## GOAL OF THE EXERCISE
Retype exactly the lines below, beginning with the first and ending with the line where "An eighteenth century" appears.

Extracted data entries:

*** Begin section ***

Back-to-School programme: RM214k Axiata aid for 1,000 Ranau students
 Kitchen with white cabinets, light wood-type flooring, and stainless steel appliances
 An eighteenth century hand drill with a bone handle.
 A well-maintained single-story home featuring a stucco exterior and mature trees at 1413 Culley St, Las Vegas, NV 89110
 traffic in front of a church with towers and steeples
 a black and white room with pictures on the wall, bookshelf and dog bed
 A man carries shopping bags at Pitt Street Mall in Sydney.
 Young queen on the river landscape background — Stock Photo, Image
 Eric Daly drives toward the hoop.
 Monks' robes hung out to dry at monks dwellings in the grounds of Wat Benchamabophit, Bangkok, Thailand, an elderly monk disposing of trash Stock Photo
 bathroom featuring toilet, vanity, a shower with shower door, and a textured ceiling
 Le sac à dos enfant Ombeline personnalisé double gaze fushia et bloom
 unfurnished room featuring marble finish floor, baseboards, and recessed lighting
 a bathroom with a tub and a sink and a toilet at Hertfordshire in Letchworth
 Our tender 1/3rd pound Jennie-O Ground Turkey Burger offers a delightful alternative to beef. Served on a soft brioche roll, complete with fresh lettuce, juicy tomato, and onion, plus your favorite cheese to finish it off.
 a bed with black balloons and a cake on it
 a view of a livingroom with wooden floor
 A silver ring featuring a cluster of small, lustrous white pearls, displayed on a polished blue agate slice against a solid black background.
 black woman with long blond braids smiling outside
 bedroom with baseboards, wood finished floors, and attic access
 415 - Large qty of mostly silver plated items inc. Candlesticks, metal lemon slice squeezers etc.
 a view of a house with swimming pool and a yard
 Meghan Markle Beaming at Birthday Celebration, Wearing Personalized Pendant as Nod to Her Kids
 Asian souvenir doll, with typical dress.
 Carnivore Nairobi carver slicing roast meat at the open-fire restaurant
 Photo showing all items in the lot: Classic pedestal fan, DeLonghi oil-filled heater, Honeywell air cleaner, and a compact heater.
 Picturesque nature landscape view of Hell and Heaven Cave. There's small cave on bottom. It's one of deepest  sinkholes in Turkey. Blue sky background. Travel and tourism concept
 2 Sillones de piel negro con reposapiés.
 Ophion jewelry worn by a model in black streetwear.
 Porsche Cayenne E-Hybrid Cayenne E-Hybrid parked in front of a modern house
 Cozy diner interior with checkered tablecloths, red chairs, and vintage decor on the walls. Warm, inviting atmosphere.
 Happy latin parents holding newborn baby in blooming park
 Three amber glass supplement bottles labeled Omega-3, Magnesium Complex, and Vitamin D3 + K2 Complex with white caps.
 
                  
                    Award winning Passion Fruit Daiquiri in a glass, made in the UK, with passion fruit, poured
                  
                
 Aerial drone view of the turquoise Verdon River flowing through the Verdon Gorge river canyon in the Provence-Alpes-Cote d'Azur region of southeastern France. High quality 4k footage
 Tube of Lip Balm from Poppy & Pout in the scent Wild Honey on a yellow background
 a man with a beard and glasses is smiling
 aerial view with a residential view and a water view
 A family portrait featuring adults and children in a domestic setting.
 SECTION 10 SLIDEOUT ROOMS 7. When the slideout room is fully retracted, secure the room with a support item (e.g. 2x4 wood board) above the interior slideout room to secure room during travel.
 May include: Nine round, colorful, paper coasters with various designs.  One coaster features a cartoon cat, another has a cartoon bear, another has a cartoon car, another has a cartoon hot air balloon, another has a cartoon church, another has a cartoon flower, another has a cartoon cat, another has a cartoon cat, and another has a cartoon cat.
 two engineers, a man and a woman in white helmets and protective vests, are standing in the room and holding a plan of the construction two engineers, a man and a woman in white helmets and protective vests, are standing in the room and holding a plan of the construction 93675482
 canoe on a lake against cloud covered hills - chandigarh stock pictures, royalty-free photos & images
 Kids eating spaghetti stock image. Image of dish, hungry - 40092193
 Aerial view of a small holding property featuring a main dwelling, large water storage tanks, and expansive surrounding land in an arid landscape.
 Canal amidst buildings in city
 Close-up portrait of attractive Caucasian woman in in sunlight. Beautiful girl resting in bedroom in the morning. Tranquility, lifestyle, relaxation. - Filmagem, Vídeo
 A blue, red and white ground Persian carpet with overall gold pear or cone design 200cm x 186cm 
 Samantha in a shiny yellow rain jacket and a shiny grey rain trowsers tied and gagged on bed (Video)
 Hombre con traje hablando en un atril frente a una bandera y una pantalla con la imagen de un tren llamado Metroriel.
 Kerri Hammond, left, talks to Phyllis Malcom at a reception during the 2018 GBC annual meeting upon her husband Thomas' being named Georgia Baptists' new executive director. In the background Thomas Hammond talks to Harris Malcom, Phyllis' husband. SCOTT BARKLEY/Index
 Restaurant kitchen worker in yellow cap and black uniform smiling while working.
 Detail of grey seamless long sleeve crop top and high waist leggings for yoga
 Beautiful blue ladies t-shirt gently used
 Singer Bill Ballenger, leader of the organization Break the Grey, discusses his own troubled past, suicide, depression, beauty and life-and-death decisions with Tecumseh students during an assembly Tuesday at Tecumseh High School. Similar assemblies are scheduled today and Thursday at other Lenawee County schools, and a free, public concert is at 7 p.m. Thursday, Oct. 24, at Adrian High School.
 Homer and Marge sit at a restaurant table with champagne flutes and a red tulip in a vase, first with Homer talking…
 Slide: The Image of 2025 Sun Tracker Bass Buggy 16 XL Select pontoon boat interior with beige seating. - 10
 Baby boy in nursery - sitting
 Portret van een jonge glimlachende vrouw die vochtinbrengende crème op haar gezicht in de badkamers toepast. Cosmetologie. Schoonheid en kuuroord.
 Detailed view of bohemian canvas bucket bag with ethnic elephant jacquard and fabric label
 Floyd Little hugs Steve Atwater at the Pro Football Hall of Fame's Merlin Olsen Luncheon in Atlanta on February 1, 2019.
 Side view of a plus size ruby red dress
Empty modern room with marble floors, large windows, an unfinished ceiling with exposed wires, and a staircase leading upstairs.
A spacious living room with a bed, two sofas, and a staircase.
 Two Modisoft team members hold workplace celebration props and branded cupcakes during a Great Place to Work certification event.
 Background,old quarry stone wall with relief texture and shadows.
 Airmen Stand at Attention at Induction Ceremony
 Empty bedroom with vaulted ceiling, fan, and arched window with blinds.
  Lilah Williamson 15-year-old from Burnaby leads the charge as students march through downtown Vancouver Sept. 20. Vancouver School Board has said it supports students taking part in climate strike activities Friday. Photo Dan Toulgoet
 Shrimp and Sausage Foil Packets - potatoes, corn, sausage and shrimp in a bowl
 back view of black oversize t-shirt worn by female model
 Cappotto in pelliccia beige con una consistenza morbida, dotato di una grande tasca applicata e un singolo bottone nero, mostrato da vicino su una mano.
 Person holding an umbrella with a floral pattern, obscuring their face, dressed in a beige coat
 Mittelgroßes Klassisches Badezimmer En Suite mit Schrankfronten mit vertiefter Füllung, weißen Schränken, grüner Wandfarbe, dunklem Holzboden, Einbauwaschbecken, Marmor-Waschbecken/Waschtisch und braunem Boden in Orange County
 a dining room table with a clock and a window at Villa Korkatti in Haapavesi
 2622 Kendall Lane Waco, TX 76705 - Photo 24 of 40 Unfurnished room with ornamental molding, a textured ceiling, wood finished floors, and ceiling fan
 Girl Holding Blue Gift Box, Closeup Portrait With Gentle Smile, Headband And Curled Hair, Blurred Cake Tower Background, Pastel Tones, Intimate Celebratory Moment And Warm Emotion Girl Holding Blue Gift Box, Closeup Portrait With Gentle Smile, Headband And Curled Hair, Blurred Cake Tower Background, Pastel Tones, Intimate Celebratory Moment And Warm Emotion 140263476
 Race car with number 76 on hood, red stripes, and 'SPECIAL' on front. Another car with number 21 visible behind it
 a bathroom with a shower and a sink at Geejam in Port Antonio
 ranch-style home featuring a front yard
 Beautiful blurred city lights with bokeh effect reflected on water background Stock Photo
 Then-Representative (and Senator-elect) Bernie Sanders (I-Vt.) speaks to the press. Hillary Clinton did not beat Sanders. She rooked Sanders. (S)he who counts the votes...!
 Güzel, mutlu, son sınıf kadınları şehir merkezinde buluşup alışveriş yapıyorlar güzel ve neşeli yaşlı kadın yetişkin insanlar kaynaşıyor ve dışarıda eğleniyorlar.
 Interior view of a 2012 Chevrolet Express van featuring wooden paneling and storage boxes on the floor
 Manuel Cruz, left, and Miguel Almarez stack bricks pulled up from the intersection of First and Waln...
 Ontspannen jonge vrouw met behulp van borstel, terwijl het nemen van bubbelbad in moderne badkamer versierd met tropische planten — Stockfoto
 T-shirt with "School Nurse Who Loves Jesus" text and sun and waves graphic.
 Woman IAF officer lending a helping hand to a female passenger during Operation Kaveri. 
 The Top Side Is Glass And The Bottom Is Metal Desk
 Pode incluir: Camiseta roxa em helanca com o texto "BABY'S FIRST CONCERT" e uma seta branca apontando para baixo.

*** End section ***

## EXERCISE ANSWER
Back-to-School programme: RM214k Axiata aid for 1,000 Ranau students
 Kitchen with white cabinets, light wood-type flooring, and stainless steel appliances
 An eighteenth century hand drill with a bone handle.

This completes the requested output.